Short web captions
· · · · ·

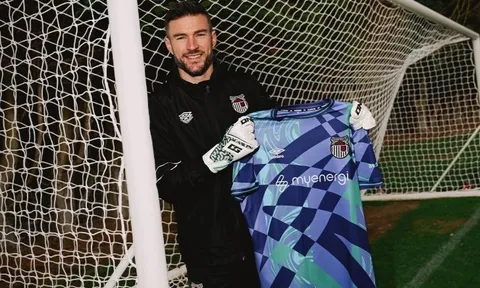 Vụ chuyển nhượng kỳ lạ có thời hạn 7 ngày của CLB Anh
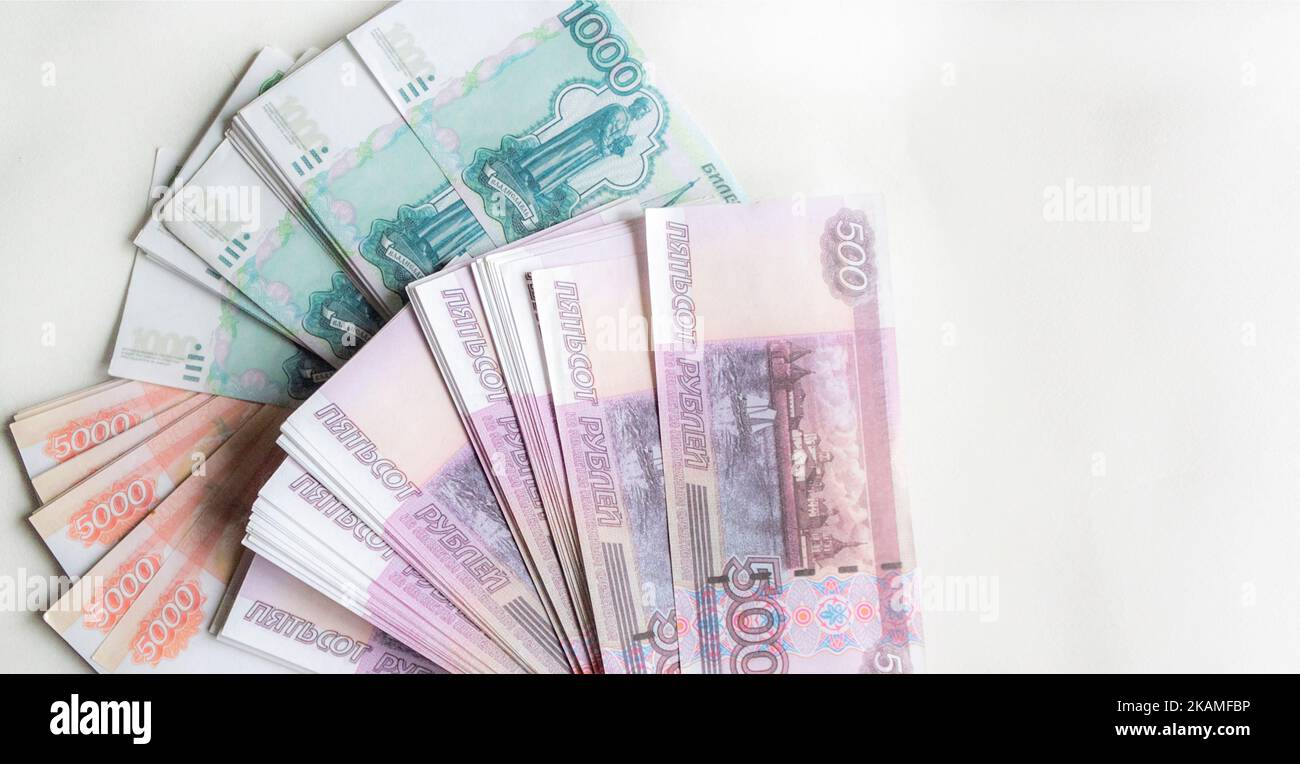 Russisches Geld verschiedener Konfessionen auf weißem Hintergrund. Speicherplatz kopieren Stockfoto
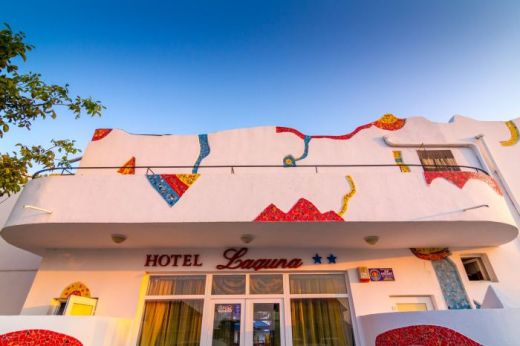 Hotel Laguna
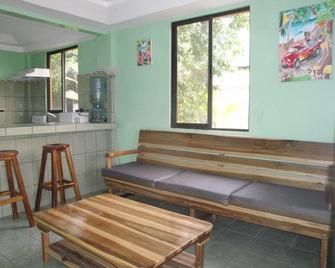 Hostel Kinkaju - Puerto Viejo de Talamanca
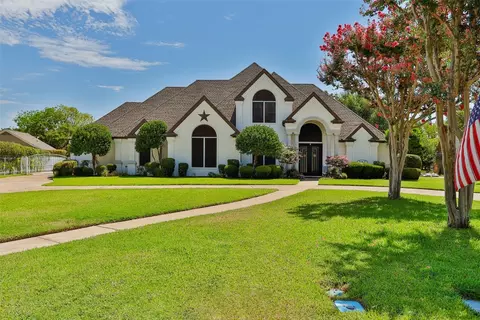 2703 Park Place Ct, Arlington, TX 76016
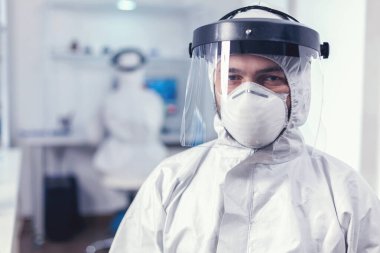 Laboratuvarda kovid araştırma için koruyucu ekipman takan tıbbi personel.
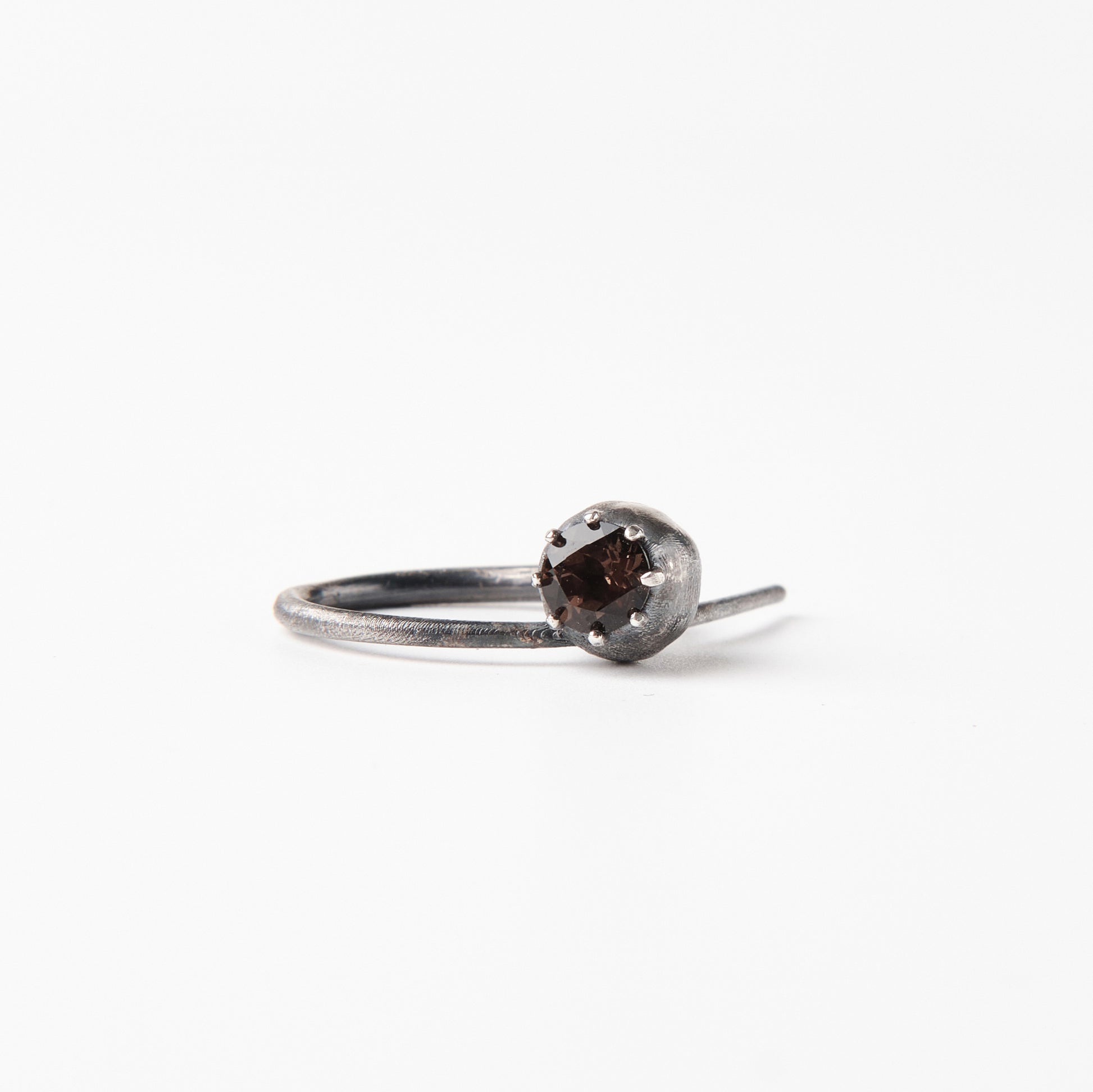 CULT VII Poppy Rauch ring black — vue en angle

· · · · ·

Task goal → Repeat exactly the lines from the one containing "2703 Park Place Ct, Arlington, TX 76016" through the last line of the records above, both included, and leave out the pictures.

Problem solution →
 2703 Park Place Ct, Arlington, TX 76016
 Laboratuvarda kovid araştırma için koruyucu ekipman takan tıbbi personel.
 CULT VII Poppy Rauch ring black — vue en angle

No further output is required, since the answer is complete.